Bellamy Baylor is no stranger to the music scene. A native to Music City and growing up in Nashville has given Bellamy a unique perspective and a desire to add her own spice to the hometown country scene. Listening to her sing and trying to put her in a category is not a simple task; Bellamy can rev it up with a rocking up-tempo or rip your heart out with every sad detail of a heavy ballad, making you want to hear more. With country heart and unexpected nuances of soul and blues, it's apparent she's been a sponge for an eclectic variety of musical influences.

After her recent industry showcase in Nashville, Bellamy and I visited about the experience, the expectations and her dreams. A gal who is on her way to creating her own niche in her own way, with style and flair that matches the beautiful voice.

Bev: Bellamy, the showcase absolutely was amazing. You are a talented gal, I know you put a lot of work into the preparation, so now that you have had a chance to catch your breathe, how are you feeling about it?

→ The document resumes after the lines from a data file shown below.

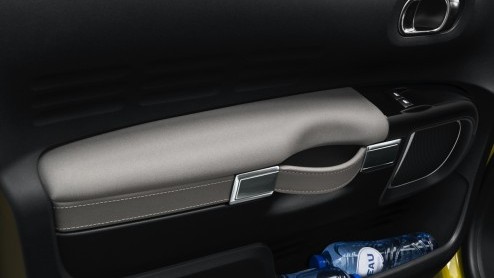 Rijtest Citron C4 Cactus 1.2 PureTech 110 en e-HDi 90. De nieuwe crossover van Citron laat zien hoe vernieuwing leidt tot een eigenzinnige details, een lager gewicht en een gunstige prijs.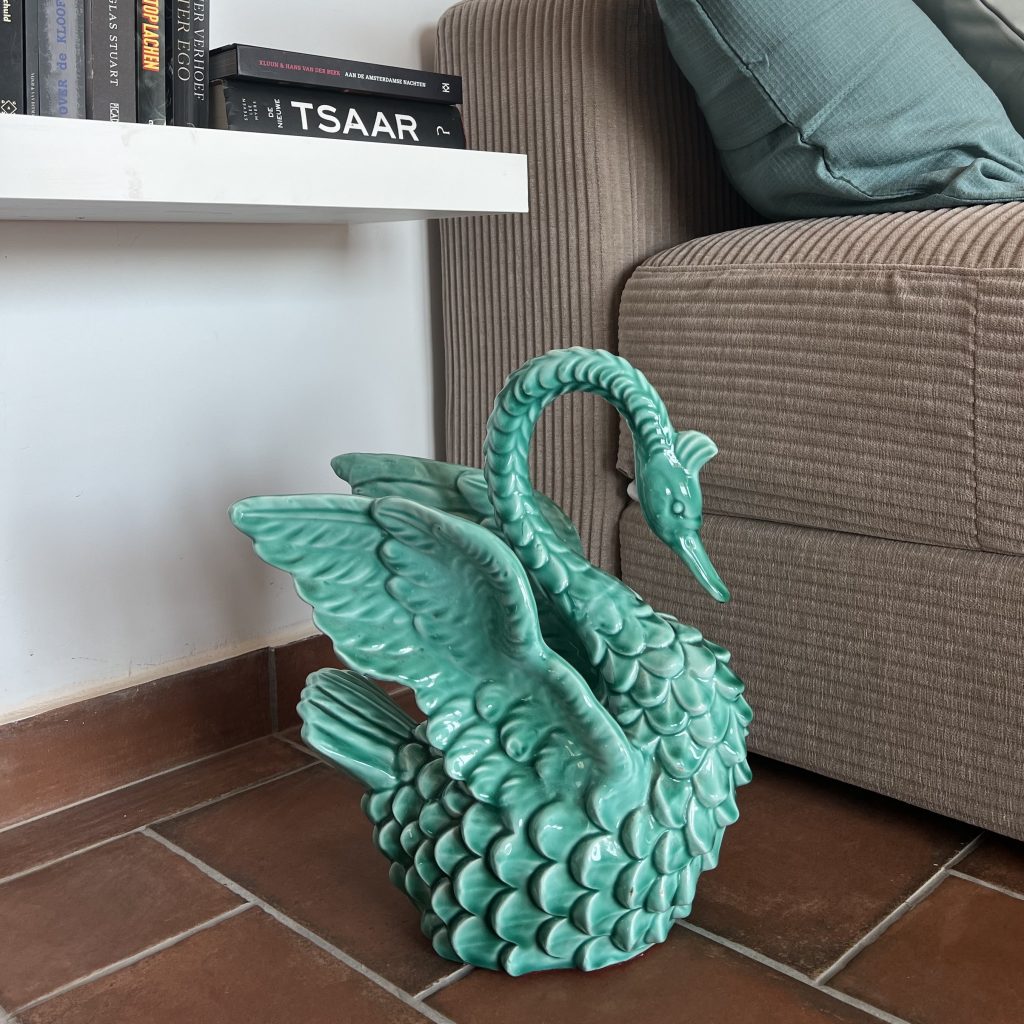 ellen_Herber_living_midcentury_furniture_Frigiliana_vakantievilla_styling_zwaan_brocante_Frigiliana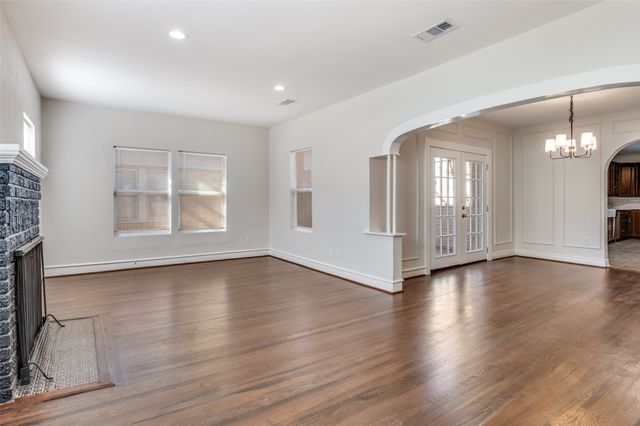 1631 Homewood Place, Dallas, TX 75224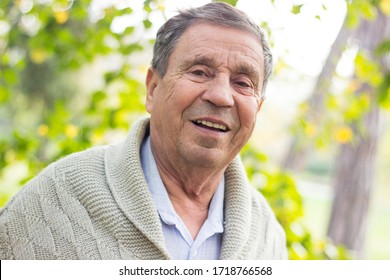 Portrait of a smiling senior man in Nature, looking at camera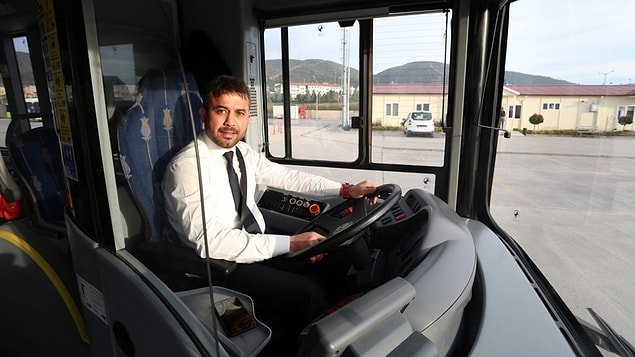 ''Nefes almaya başlayınca parmağımı ısırdı."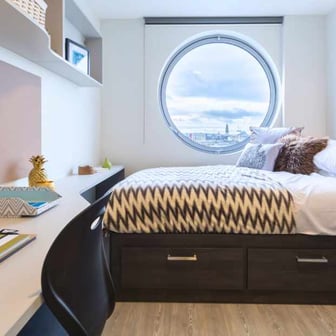 Studio Deluxe Plus - Image 1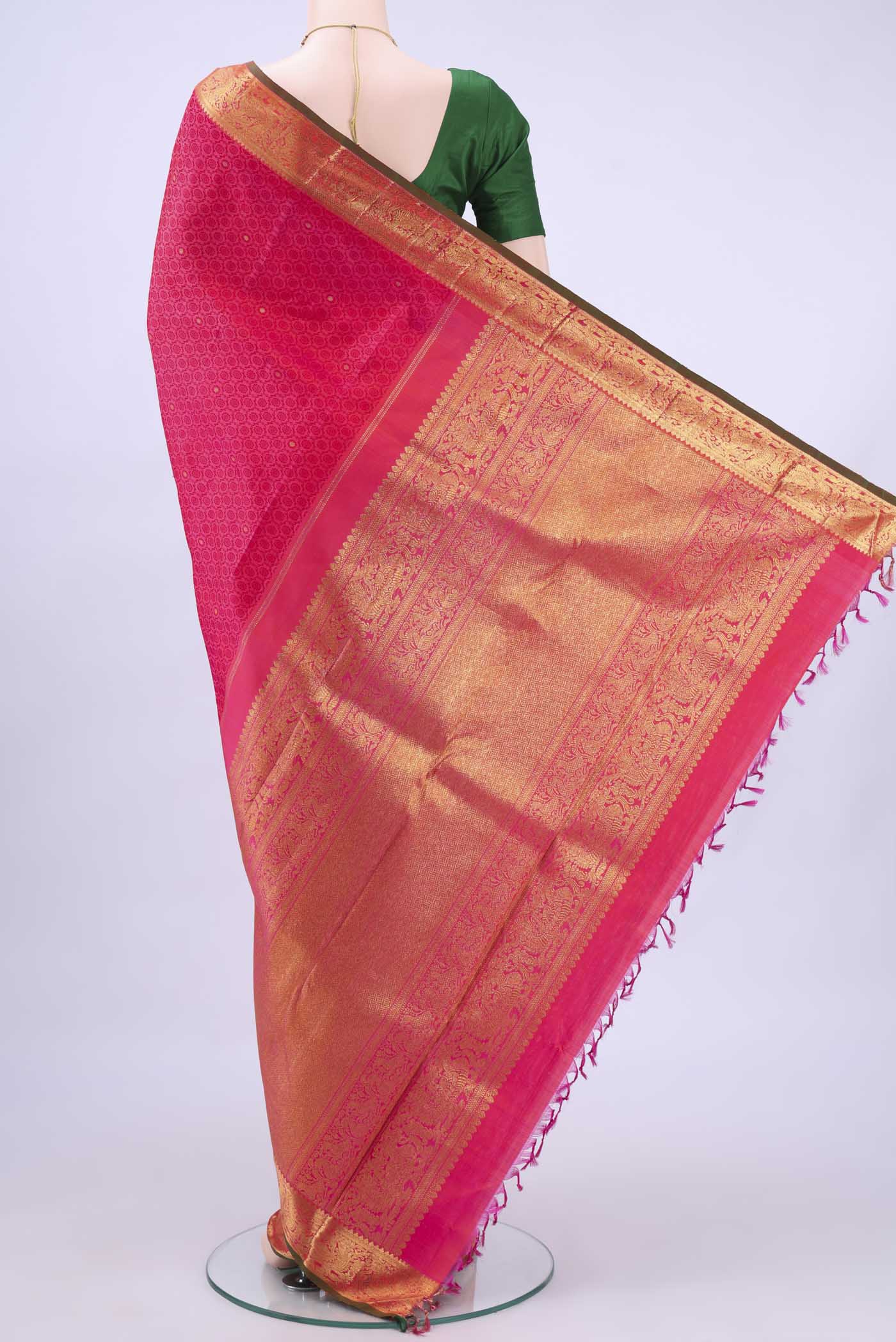 pallu body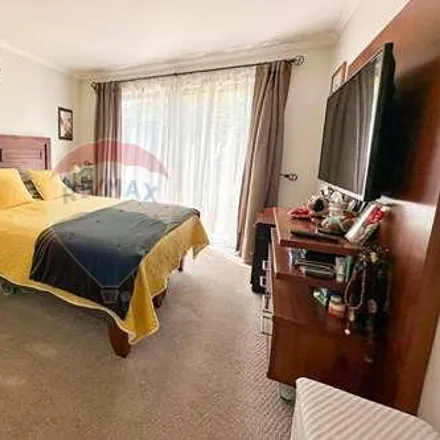 Buy this 5 bed house on Los Algarrobos Norte in 829 0879 Provincia de Santiago, Chile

Bellamy: I felt good. I practiced really hard. I was a little concerned going into it because of all the practicing that I was a little fatigued, but I did feel good about it. I was so excited and pumped because to do a show like that with the band and the back up singers. Every body that was there was there to see me. So that was really exciting.

Bev: Let us back up a little bit now. I know you have been singing and writing forever. Talk a little bit of the history of your coming into this. This is going to be the first CD that you have done entirely on your own.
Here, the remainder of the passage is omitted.